Your instructions:
Write out the records below from the first line through the line containing "In order to", leaving out any pictures.

□ □ □ □ □

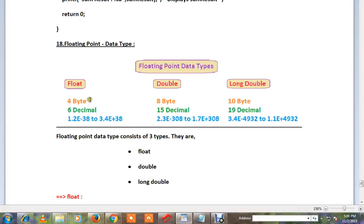Float size is 4 bytes, and the decimal point is 6 digits. Double size is 8 bytes, with 15 decimal values of precision.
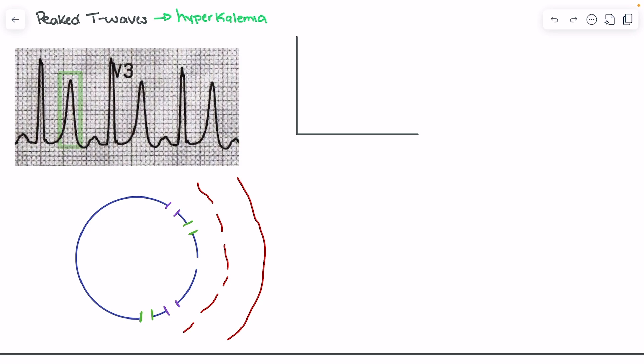In order to understand how hyperkalemia causes peaked T waves, we should first review what the myocardial action potential looks like. I've drawn in the myocardial action potential here, and we're going to be really focused on phase three for this discussion.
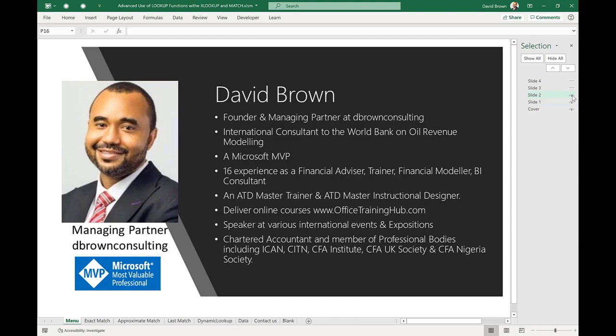I'm David Brown, managing partner of D-Brown Consulting and an international consultant to the World Bank. I'm a Microsoft MVP on data analytics and have over 20 years working with Excel, data, reporting, accounting, and finance. I'm also a master trainer and chartered accountant. Check out officetraininghub.com for our online courses. You can follow me on Twitter at dbrownanalyst.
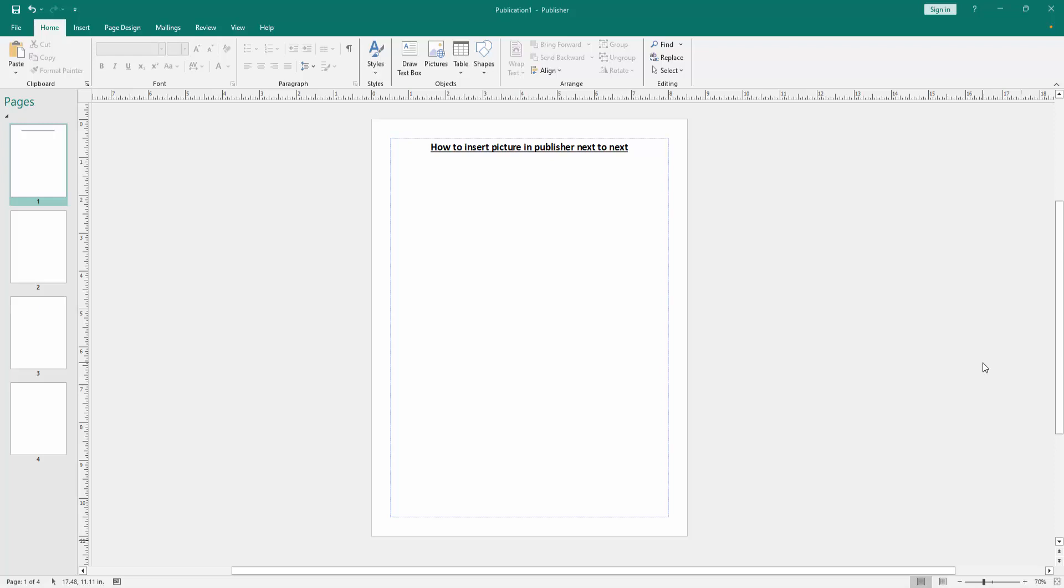Let's get started. First, we have to open a Publisher document. Now we want to insert pictures next to each other. Go to the Insert menu.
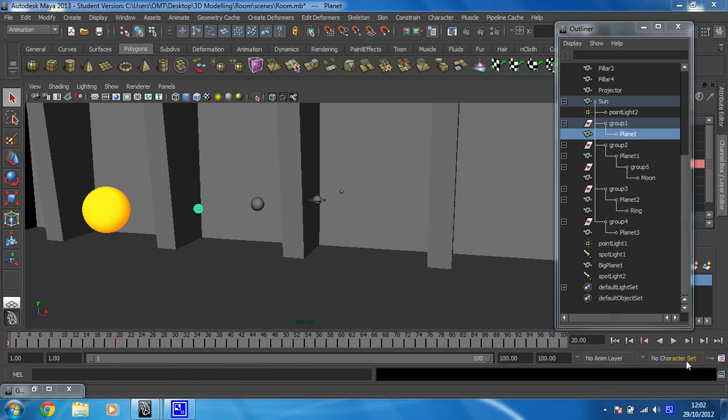In this video we're going to make this animation that we've created loop forever for each of the different planets.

□ □ □ □ □

Reply:
Float size is 4 bytes, and the decimal point is 6 digits. Double size is 8 bytes, with 15 decimal values of precision.
In order to understand how hyperkalemia causes peaked T waves, we should first review what the myocardial action potential looks like. I've drawn in the myocardial action potential here, and we're going to be really focused on phase three for this discussion.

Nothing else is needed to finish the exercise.